Even in the midst of AAPI Heritage Month, a new study reveals that 8 in 10 Asian Americans believe they are regularly discriminated against in the United States.

NPR’s Dustin Jones has reported that in a recent survey commissioned by the new nonprofit, Leading Asian Americans to Unite for Change (LAAUNCH), 80% of Asian Americans “don’t feel respected and say they are discriminated against by their fellow Americans.”

The STAATUS Index (Social Tracking of Asian Americans in the United States) was conducted between March 29 and April 14 of this year and included responses from nearly 2,700 men and women across America. The survey also revealed that Asian Americans aren’t alone in feeling attacked by society; 90% of Blacks and 73% of Latinx respondents also felt they regularly faced discrimination in America.

According to the researchers, opinions on how prevalent racism was in the country differed drastically depending on survey respondents’ political affiliation.

“The survey found 55% of respondents that identify as Republican said Asian Americans are either treated fairly or better than others,” Jones reported. “Conversely, 77% of those who identified as Democrats believe Asian Americans are discriminated against.”

Despite significant media coverage on the increase in hate crime attacks against Asian Americans across the U.S. in recent months, many individuals taking the survey also revealed they hadn’t heard anything about the problem. The survey’s authors reported that “37% of white Americans, 30% of Black Americans, 24% of Hispanic Americans and 13% of Asian Americans said they are unaware of an uptick in hate crimes against Asian Americans.”

In an interview discussing the survey, LAAUNCH CEO Norman Chen said, “We thought maybe some people were unaware, but after the Atlanta attacks, everyone should be aware.”

Another highly disturbing fact from the survey: 42% of respondents couldn’t name a single prominent Asian American figure. “None” was the top response to the question, followed by Jackie Chan and Bruce Lee.

“Most Asian Americans are still in stereotypical roles — waiters, sex workers, kung fu guys — the roles are always one-dimensional and stereotypical,” Chen told NPR. “Our data just really reinforced the opportunity for us to create well-rounded, prominent characters in movies and TV.”

The survey also revealed that nearly 50% of non-Asian Americans believe AAPI are fairly or over-represented in senior positions in companies, politics and media, despite prominent data indicating they are significantly under-represented in all three industries.

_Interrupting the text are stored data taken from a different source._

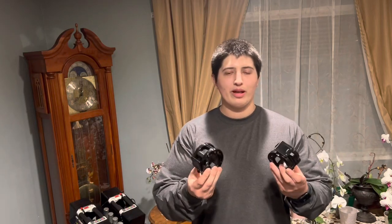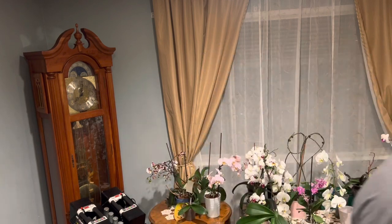Hey, what's up YouTube. Today I'm reviewing these Clout Fitness barbell clamps. You'll find them on Amazon for $15 — I got them for $13 on sale. They have great reviews. Let's see how they work. Time for the test.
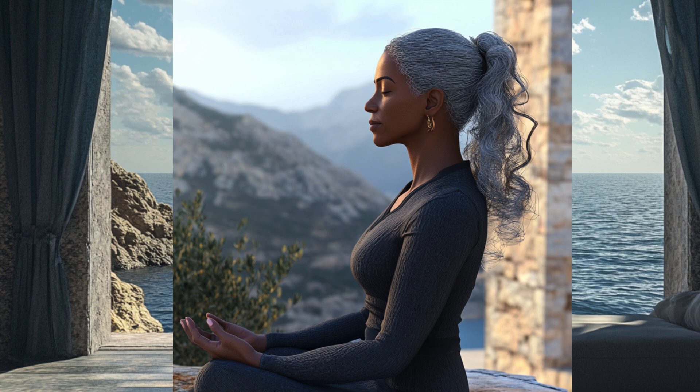Find a comfortable seated position, either on a cushion or in a chair. Sit with your spine straight, shoulders relaxed, and hands resting gently on your knees or in your lap. Close your eyes softly and take a moment to center yourself. Begin by taking three deep cleansing breaths.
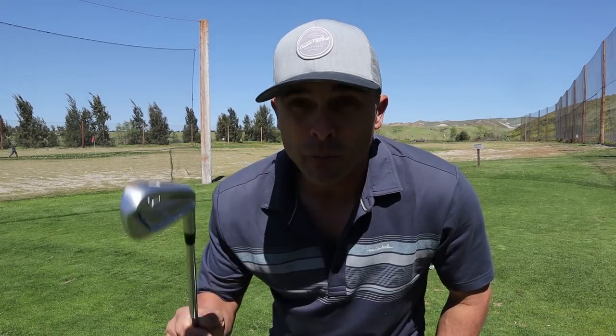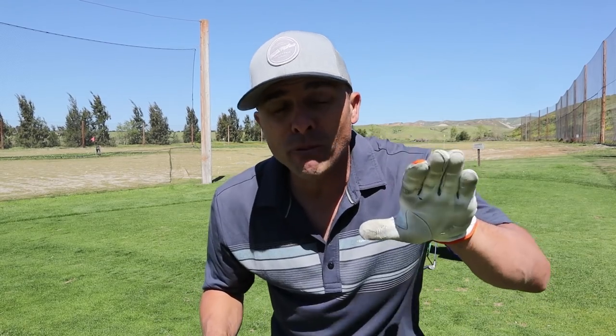Three shots right out of the gate with the JPX — super solid and soft feel, which I love. The ball flight is just nice, not too high, not too penetrating. Great feel. Now I'm going to hit my old 7-iron to give you a comparison in terms of distance.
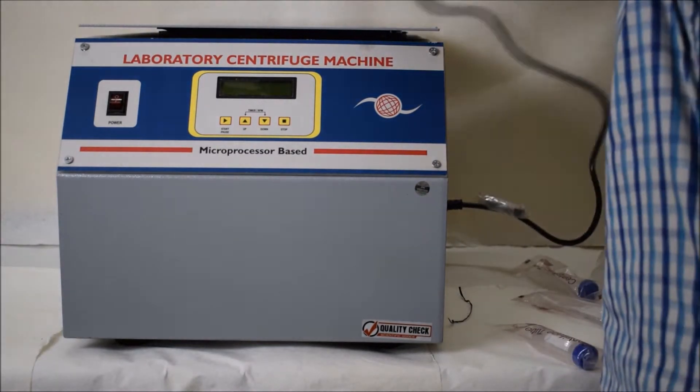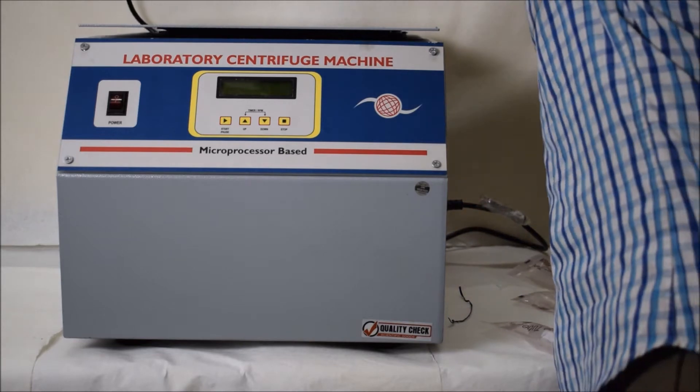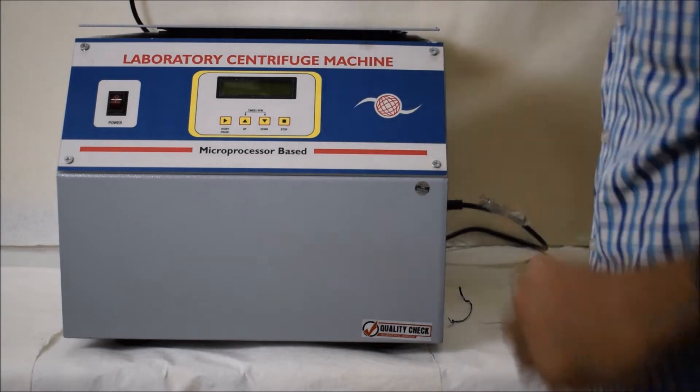Always keep in mind that when you are plugging the device, the power button on the machine should be switched off.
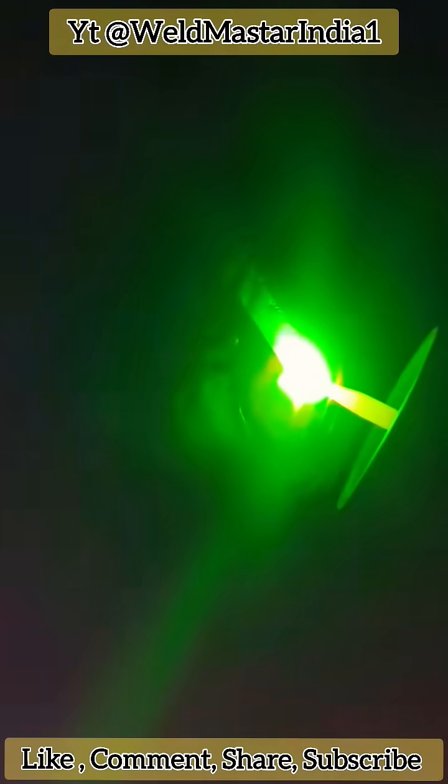It ensures speed, efficiency, and a beautiful weld appearance. From the outside, you can see fast movement, confident posture, clean and fine weld ripples. That's the signature look of a small weave cover pass.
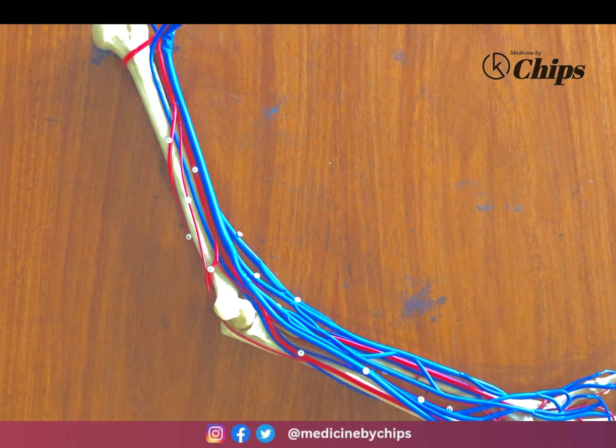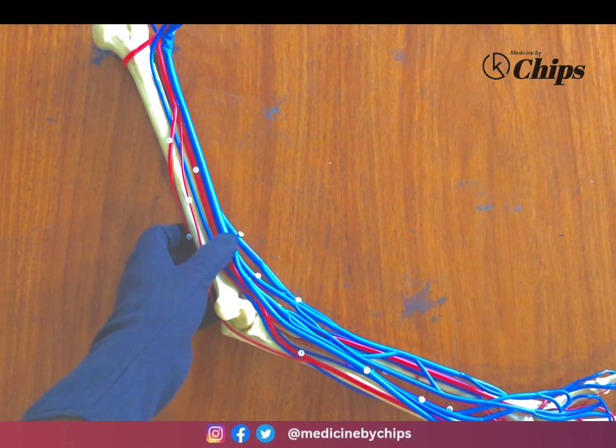Welcome to Medicine the Chips. Today the topic of our discussion is blood supply of the upper limb. We will study the arterial supply and venous supply of the upper limb, its branches and arches — superficial palmar arch, deep palmar arch.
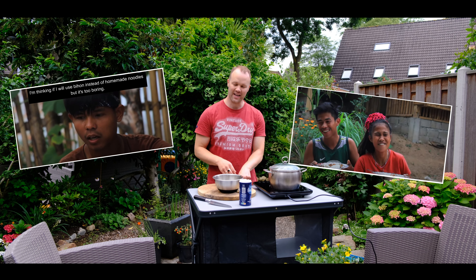I added a bit of salt. So it's noodle flour, salt, and egg. Now it's better to use my hands. I guess this will be really tasty.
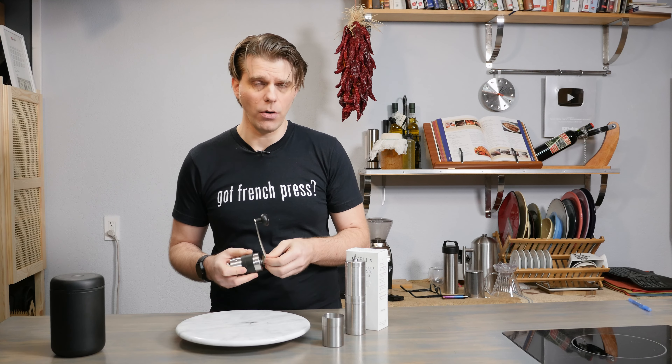For cold brew, you're looking at 1,300 to 1,500 microns, equal to 36 to 40 clicks starting from zero. For French press, you're looking at 1,550 to 1,750 microns, which is 42 to 48 clicks starting from zero. And now let's take a look at the difference between a Turkish grind and a French press grind. You can see the drastic difference between the ultra-fine setting for Turkish and the more coarse setting for French press — the Turkish is very fine while the French press is much more coarse.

While the LAAUNCH survey was the first major survey on American sentiments regarding Asian Americans in more than two decades, Chen said his organization plans to conduct more annual surveys going forward, so any progress being made — or any signs of regression, such as the one we experienced in 2020 — can be documented and studied.

“The trajectory of Asian American sentiment is going in a direction that we don’t want to see,” Chen said. “We want to shape that trajectory in a more favorable direction. We can have more role models of Asian Americans for people to see and emulate.”